Required action –
A verbatim repetition of the data below is requested, without images.

Supplied data –
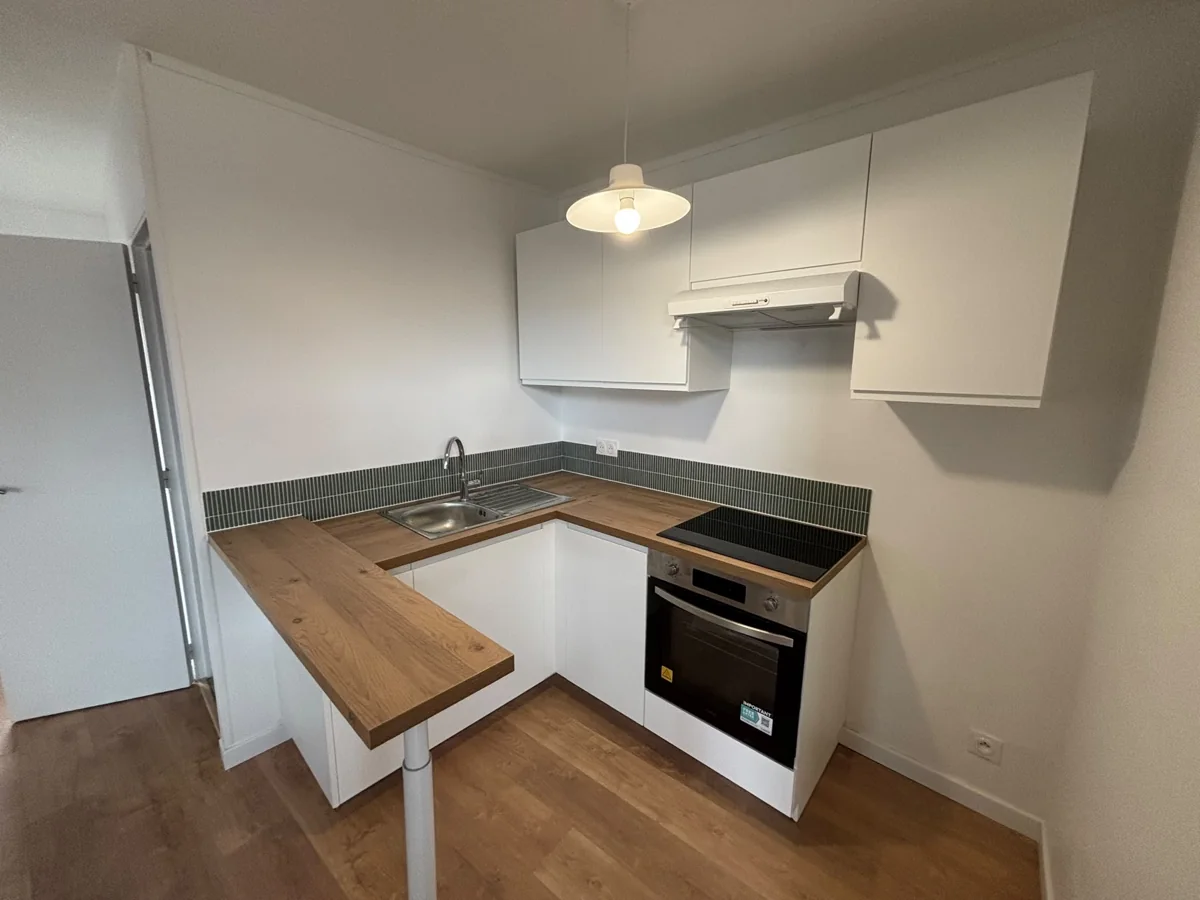 Appartement à Palaiseau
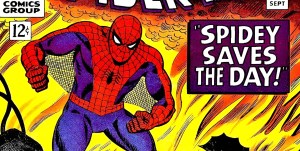 The Green Goblin’s Origin Is a Spider-Man Classic, and This Silver Age Lot Has Eight More Issues to Explore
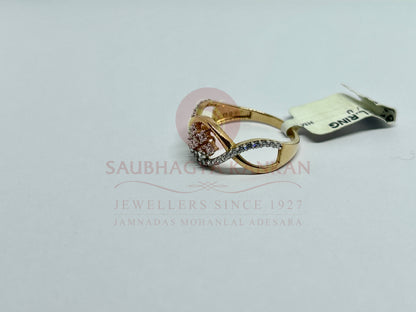 Ladies Ring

Written answer –
 Appartement à Palaiseau
 The Green Goblin’s Origin Is a Spider-Man Classic, and This Silver Age Lot Has Eight More Issues to Explore
 Ladies Ring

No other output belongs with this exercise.